A 'Dream' Come True: Album Featuring 53 Undocumented Singers and Musicians Wins 3 Grammys
The album features diverse songs ranging from “Stars and Stripes Forever” to a brassy version of Led Zeppelin’s “Immigrant Song” with reinvented rap lyrics.
American Dreamers: Voices of Hope, Music of Freedom, an album by the John Daversa Big Band that features 53 undocumented Americans, won three Grammys at the Sunday (Feb. 10) awards.
At the same time that the arguments over President Trump’s proposed border wall raged on as another U.S. government shutdown deadline loomed, ten of those “Dreamers” were at the Grammys in Los Angeles, where the album won in every category for which it was nominated: best large jazz ensemble, best instrumental arrangement and best improvised jazz Solo.
“It was very important to create a platform that was poetic and artistic in bringing this issue to a higher awareness,” says John Daversa, who chairs the Studio Music and Jazz Department at the University of Miami's Frost School of Music, where the album was recorded. The project was spearheaded by producer Kabir Sehgal and music attorney Doug Davis, with Troy Carter as executive producer.

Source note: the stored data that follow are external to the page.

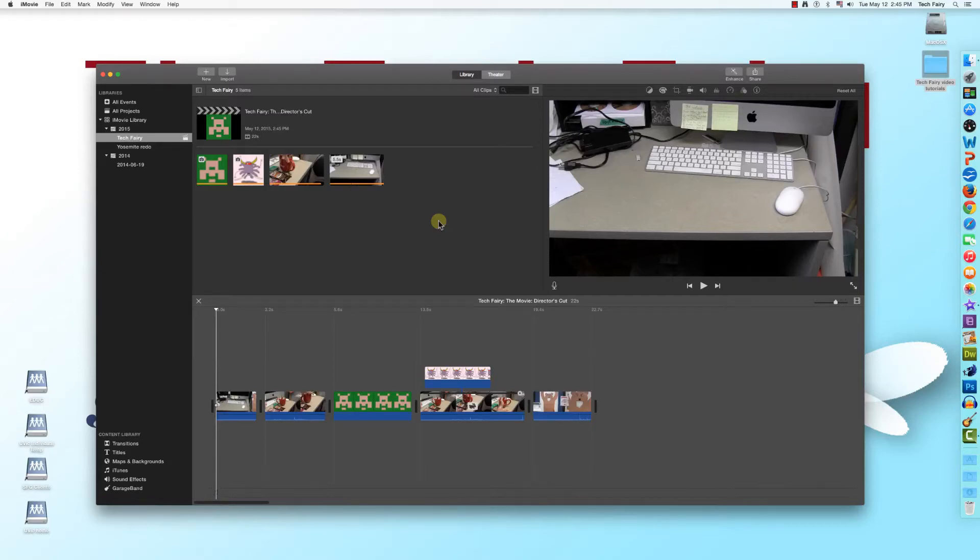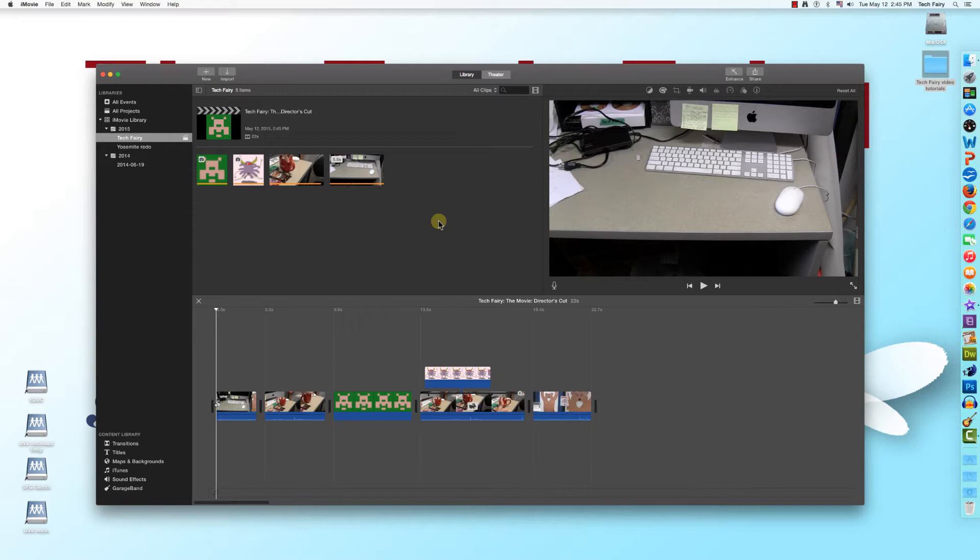Hello everyone, TechFairy here, with the sixth in a series of video tutorials on the basics of iMovie 10 for Yosemite. In the previous tutorial, I went over the Ken Burns effect and how it can be modified or removed. In this tutorial, I'll show you how to add audio files to iMovie.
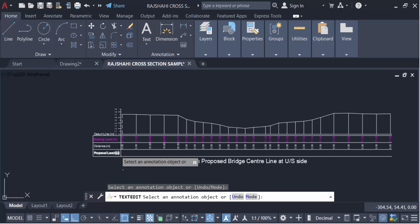You can also create this cross section using any software. I hope you enjoy this video. Thanks for watching and don't forget to subscribe to my channel. Thank you.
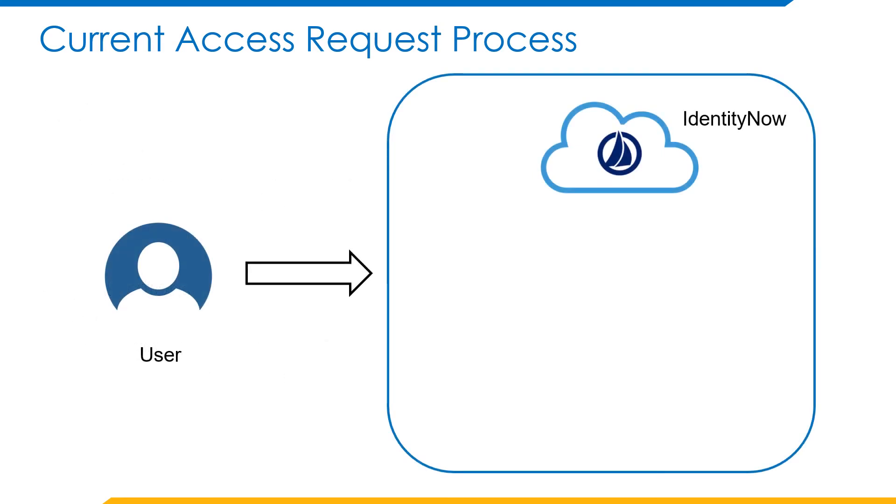Coming to the current access request process, let's say we have a user who requires access to Office 365. We can have a role configured in IdentityNow where the required access profile will contain the Office 365 entitlements.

The album features ingenious arrangements of sonically and thematically diverse songs, ranging from “Stars and Stripes Forever" (which won the best instrumental arrangement award), to a brassy version of Led Zeppelin’s “Immigrant Song,” with reinvented rap lyrics. The songs alternate with tracks on which some of the featured artists, whose families came to the U.S. from 17 different countries, tell their stories of growing up, and about their life in limbo. The timely “Don’t Fence Me In” (which won for best improvised jazz solo) is sung in Spanish and English, and appropriately features dueling instruments, at one point dissolving into cacophony.

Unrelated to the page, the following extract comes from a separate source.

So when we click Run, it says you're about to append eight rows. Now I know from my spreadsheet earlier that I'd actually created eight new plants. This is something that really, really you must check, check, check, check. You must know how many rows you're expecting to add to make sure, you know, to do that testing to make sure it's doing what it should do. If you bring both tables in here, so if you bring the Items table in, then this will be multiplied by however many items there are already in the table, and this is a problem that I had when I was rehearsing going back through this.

“It was never my intention to come out with a bullhorn,” trumpet player Daversa tells Billboard. “The producers and I wanted to humanize the dreamers, and let people hear their stories. We can empathize with what’s in the newspaper, but when you know them on a personal level is when you really become affected.”
Daversa, who said he dove into the project with no specific expectations about its potential impact, gained new perspective on the importance that the recording took after the Grammy nominations came out and he spoke with some of the Dreamer participants.
“So many of them mentioned that all their life they’ve felt unsupported by the system, and this was one little glimpse of feeling like they were actually supported,” Daversa notes. “I’m sure now [after the wins] it’s times 100.”
The bandleader and teacher expressed “respect and admiration [for] the Recording Academy for what they’ve done with diversity. “I know they’ve put tremendous effort into that and its starting to show in full force,” he added. “There is a lot more work to do but they are doing the work.”
Daversa says that there are no plans to tour his Dreamers big band or do another album - so far.
“We hope that this won’t be an issue soon and the Dream Act will be passed,” he says. “But as long as it is an issue, I think we can do more work. If there needs to be another album, that’s something we can talk about.”